Monday, August 15, 2016

"Fever at Dawn" by Peter Gardos

       I picked up “Fever at Dawn” more or less accidentally when I was in the public library and looking at the new books. The back cover had in large letters “An International Bestseller,” but the quoted reviews were all from obscure publications: none from the usual sources of quotes—NYTimes or Guardian or Observer.
       And the book and its genesis are rather strange. Reversing the usual order of things, “Fever at Dawn” was first a film, directed by Peter  Gardos, a Hungarian (acute accents on the first ‘e’ and the ‘a.’), and the novel is adapted, written, whatever, on the basis of the film script.
       Peter Gardos’s father was a survivor of the atrocious Belsen concentration camp, as was his mother. Both were shipped to Sweden at the end of the war, where they were in a succession of hospitals and rehabilitation centers. Miklos—Peter Gardos’s father—was suffering from TB and was told he had six months to live. Each dawn he had to check his temperature, and each morning he had a fever, confirming his illness. It is, however, clear from the outset that he couldn’t have died as the narrator is his son, Peter Gardos.

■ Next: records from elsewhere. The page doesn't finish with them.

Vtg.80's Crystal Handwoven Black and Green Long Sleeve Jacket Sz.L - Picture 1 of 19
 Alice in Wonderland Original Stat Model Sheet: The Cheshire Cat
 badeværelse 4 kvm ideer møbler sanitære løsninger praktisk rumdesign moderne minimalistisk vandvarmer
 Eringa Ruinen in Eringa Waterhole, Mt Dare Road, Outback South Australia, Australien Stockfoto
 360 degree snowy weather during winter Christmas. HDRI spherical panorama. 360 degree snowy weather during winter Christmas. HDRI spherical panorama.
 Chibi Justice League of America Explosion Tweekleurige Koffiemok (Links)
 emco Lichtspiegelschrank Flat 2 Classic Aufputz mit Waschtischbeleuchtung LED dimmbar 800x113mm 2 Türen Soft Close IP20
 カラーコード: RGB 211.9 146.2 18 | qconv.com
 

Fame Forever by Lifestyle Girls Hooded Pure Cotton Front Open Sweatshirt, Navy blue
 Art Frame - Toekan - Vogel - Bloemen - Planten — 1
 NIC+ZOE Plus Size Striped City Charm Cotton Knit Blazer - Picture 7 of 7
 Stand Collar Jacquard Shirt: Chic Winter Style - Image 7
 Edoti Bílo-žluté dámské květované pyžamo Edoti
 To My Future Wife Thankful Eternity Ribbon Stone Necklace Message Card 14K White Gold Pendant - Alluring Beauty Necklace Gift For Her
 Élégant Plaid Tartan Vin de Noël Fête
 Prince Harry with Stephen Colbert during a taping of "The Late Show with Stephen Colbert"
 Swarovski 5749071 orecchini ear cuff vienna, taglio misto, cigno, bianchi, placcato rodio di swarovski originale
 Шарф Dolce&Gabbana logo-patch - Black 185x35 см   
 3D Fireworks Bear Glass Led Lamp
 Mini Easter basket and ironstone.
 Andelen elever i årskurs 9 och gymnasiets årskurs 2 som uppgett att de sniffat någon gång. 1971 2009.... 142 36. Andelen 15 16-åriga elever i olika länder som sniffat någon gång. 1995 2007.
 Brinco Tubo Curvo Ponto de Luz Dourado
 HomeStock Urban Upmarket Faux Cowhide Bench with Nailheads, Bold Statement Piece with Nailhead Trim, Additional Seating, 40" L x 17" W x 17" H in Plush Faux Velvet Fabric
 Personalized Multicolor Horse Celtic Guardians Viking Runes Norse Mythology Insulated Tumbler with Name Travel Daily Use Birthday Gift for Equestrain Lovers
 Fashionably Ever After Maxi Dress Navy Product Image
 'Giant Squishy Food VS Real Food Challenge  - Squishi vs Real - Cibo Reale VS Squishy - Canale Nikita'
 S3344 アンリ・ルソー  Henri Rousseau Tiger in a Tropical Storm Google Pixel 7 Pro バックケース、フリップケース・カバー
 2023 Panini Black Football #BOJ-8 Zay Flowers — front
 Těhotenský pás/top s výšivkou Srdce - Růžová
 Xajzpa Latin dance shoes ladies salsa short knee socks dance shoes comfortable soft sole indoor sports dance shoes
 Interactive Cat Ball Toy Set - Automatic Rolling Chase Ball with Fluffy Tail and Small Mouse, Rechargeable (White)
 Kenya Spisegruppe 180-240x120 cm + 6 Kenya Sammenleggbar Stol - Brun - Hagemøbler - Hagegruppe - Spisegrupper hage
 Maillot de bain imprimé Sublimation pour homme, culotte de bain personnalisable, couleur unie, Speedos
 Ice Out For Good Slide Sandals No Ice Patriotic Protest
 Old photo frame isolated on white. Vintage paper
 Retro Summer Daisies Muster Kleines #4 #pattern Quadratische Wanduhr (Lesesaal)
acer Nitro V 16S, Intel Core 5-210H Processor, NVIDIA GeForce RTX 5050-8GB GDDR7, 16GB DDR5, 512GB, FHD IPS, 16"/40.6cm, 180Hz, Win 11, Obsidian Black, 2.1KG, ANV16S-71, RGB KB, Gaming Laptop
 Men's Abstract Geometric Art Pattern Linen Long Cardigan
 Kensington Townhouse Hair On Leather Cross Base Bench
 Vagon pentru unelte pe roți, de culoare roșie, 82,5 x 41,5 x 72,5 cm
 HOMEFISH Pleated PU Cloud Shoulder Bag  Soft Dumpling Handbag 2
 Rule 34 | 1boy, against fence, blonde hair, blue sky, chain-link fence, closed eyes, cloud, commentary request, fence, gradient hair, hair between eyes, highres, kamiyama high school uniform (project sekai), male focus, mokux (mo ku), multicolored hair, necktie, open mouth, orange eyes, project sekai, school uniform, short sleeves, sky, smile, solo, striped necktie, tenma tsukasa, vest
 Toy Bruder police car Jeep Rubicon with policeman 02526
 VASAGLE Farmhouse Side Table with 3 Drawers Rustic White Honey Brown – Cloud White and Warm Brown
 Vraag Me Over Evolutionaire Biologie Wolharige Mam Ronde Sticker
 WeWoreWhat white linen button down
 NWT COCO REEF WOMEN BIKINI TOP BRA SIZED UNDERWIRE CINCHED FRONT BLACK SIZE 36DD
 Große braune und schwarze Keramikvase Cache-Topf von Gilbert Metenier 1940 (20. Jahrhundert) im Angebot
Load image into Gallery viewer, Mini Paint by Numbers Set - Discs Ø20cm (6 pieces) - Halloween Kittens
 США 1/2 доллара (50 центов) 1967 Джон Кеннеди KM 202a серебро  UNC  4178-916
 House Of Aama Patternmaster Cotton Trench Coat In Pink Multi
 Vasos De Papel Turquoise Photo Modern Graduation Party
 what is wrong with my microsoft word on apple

       Miklos, in his hospital, got hold of the names of Hungarian women who had survived the Holocaust and were in Swedish hospitals and rehabilitation centers and sent letters to 117 of them. He eventually started what was essentially a love affair by letter with Lili, whom he eventually married. The novel plots the course of this relationship, narrating the various attempts--unsuccessful and eventually successful--Miklos made to get together with Lili. And after various problems and setbacks, the two are married by a rabbi in Stockholm.
       Part of the impetus for Gardos to memorialize his father’s story came after his father died, when his mother produced the cache of letters exchanged between her and her husband in the period of their hospital treatment and rehabilitation in Sweden. These letters form an integral part of the story, and are often quoted.
       The novel can, I believe, be criticized on a number of grounds. There is little attempt to develop characters in any detail—apart from Miklos. We learn nothing much about Lili, and there is a certain repetitiveness about Miklos’s attempts to travel to see Lili. There is also a sub-plot about an attempt for Lili and Miklos to convert to Catholicism that I found rather strained and far-fetched. But what kept me reading was the interest of the story and the descriptions of how concentration camp survivors had medical treatment and rehabilitation in Sweden. We all know the pictures of the liberation of Belsen and Buchenwald, and I have often wondered how the cadaverous, skeletal survivors fared after the liberation. So that aspect interested me and kept me reading.
       We are not talking great literature here: but I enjoyed the book--it held my attention until the end. It would, I think, appeal to anyone with a holocaust interest. It’s a reasonably quick read—230 small format pages.